Re: Recommendations for ASF SA Implementation

Posted by Axb <ax...@gmail.com>.
On 03/17/2015 10:16 PM, Kevin A. McGrail wrote:
> Hello All,
>
> I am working on recommendations for the ASF to modernize the
> installation of SA for the foundation.
>
> We have some givens:
>
> Using Ubuntu
> Using Postfix
> Need to stick with maintainable packages
> Likely needs to stay away from lots of tweaks and heavy customization
> such as using MIMEDefang (unfortunate).

Although I'd suggest Fuglu, the obvious choice should probably be 
amavisd-new considering Mark is also highly involved in SA dev work.

It's also distributed by Ubuntu so it would be one package less to 
mantain outside the distro. We'd get the best of both worlds.

Axb


Re: Recommendations for ASF SA Implementation

Posted by Mark Martinec <Ma...@ijs.si>.
2015-03-17 22:16, Kevin A. McGrail wrote:

> I am working on recommendations for the ASF to modernize the
> installation of SA for the foundation.
> 
> We have some givens:
> 
> Using Ubuntu
> Using Postfix
> Need to stick with maintainable packages
> Likely needs to stay away from lots of tweaks and heavy customization
> such as using MIMEDefang (unfortunate).
> 
> So I'd like any input you might have, on or off list.


Axb wrote:
| Although I'd suggest Fuglu, the obvious choice should probably be 
amavisd-new
| considering Mark is also highly involved in SA dev work.
| It's also distributed by Ubuntu so it would be one package less to 
maintain
| outside the distro. We'd get the best of both worlds.
| Axb

Thanks, Amavis would be my choice too :)))


back to Kevin:
> Here's some questions I believe will help guide things:
> 
> Q1 - What is the best glue for SA for Postfix that does the following:
> 
> - uses spamc calls so that spamd's can be distributed and load 
> balanced?

Amavis uses a standard protocol SMTP for communication with an MTA
instead of the proprietary spamc/spamd protocol. Other than that,
interfacing to the SpamAssassin is pretty much the same as in spamd,
i.e. uses pre-forked set of processes which use the SpamAssassin 
library.
For this reason the performance is pretty much the same - the bottleneck
is processing rules in the SpamAssassin.

> can be distributed and load balanced?

Yes, can be distributed and load balanced. Two approaches are most
apparent:
- the classical approach is to run multiple postfix+amavis
combos on several hosts, and let MX dns record distribute the load
across them. If a single IP address is desired, an SMTP proxy (such
as nginx) can do the task of load sharing in front of Postfix.
- if a single MTA is preferred with multiple content filters on
multiple hosts, then traffic from Postfix to amavisd instances
can be spread using HAProxy (or some other load balancer).

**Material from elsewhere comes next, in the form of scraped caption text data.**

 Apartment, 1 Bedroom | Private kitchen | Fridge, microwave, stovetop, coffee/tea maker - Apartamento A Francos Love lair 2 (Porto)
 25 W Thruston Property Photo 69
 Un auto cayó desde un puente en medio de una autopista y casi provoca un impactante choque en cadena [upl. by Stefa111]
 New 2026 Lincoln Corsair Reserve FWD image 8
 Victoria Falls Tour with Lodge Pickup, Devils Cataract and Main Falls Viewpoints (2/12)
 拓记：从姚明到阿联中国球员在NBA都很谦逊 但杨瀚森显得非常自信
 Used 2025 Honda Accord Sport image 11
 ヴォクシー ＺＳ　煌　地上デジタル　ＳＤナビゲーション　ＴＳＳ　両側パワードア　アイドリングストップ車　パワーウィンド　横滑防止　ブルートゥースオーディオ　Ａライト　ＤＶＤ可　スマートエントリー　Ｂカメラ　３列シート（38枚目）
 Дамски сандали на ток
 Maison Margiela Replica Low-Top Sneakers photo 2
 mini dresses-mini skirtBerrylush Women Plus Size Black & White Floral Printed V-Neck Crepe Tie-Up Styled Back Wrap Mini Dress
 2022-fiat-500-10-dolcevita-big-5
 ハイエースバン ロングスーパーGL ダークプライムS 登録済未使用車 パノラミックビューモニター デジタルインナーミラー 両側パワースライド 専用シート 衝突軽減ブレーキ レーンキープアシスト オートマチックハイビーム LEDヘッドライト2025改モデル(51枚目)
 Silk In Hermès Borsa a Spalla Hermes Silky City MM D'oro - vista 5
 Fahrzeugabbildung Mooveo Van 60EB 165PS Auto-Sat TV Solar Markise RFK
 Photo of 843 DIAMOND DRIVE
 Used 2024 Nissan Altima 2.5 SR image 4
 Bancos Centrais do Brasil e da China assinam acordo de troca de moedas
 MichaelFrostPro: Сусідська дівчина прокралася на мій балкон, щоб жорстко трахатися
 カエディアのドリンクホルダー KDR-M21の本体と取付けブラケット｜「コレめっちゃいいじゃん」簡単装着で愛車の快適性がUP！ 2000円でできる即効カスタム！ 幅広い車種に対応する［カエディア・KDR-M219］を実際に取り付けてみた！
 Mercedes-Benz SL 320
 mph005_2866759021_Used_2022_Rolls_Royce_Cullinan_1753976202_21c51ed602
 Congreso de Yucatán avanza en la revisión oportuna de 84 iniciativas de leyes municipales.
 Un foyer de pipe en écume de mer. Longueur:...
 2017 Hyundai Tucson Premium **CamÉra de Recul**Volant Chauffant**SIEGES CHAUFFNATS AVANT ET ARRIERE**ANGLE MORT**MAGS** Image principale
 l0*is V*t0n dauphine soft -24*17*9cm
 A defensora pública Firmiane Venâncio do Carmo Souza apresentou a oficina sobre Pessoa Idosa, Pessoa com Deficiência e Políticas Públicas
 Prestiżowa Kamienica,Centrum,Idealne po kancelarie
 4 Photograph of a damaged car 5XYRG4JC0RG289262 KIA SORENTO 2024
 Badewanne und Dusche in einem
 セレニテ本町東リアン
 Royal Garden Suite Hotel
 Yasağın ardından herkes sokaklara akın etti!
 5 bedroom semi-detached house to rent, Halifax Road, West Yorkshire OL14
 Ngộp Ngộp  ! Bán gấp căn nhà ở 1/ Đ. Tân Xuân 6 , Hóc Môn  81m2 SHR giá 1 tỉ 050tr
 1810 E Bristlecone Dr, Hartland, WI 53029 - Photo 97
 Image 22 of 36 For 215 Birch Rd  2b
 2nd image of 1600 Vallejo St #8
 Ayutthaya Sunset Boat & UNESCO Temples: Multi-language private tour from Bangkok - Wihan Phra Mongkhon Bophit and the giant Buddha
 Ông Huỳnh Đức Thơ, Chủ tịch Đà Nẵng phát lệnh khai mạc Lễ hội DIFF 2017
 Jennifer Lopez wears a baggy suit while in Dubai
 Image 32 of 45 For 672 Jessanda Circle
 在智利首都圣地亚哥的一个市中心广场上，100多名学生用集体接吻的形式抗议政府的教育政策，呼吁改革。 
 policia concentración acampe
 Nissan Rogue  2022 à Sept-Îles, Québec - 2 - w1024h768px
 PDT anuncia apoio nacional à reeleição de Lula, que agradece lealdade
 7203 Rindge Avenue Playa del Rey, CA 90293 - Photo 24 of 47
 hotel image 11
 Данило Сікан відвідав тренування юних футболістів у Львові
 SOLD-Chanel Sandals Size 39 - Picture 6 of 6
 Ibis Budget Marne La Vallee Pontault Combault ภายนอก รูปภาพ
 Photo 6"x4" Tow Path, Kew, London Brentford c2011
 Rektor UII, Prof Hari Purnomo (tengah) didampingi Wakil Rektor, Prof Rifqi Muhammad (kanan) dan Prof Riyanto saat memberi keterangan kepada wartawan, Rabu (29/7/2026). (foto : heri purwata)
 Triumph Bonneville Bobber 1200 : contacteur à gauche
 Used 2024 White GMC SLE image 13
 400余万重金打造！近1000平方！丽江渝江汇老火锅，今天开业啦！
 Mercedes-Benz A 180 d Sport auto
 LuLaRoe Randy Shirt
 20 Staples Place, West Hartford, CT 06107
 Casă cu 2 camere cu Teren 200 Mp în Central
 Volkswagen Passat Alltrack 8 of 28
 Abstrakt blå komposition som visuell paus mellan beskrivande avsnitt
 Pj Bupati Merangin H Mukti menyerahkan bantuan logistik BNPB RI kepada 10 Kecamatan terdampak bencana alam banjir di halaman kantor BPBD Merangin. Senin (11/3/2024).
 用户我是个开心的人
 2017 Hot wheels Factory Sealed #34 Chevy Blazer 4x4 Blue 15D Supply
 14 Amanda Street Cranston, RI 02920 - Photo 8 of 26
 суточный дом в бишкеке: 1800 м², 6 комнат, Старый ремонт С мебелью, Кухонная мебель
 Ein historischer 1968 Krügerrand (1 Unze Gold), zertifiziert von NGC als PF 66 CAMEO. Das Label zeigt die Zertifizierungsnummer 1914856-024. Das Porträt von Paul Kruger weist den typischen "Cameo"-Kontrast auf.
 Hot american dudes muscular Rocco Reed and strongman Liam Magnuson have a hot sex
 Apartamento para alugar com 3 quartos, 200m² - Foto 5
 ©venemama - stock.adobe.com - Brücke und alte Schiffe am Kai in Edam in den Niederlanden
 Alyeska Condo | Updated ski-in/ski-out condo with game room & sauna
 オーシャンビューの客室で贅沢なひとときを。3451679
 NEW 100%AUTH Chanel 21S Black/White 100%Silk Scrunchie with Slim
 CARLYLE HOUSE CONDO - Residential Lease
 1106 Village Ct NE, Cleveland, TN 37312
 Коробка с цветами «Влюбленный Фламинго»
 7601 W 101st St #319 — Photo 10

Note that it is beneficial to feed outgoing mail through amavis too
for the following reasons:
- the PenPals feature keeps track of ongoing conversations and
contributes negative score points to such, preventing some false
positives on marginal mail content (a requirement is a common
database for all amavis instances, preferably redis, possibly SQL);
- when SpamAssassin autolearning is enabled, outgoing mail
contributes its valuable share of ham samples;
- when an internal machine or a user mail account gets compromised
and starts spewing malware or spam, it will get blocked and detected.
- not to forget: to DKIM-sign outbound mail it needs to pass
through a signer. Amavisd can do DKIM signing (and verification).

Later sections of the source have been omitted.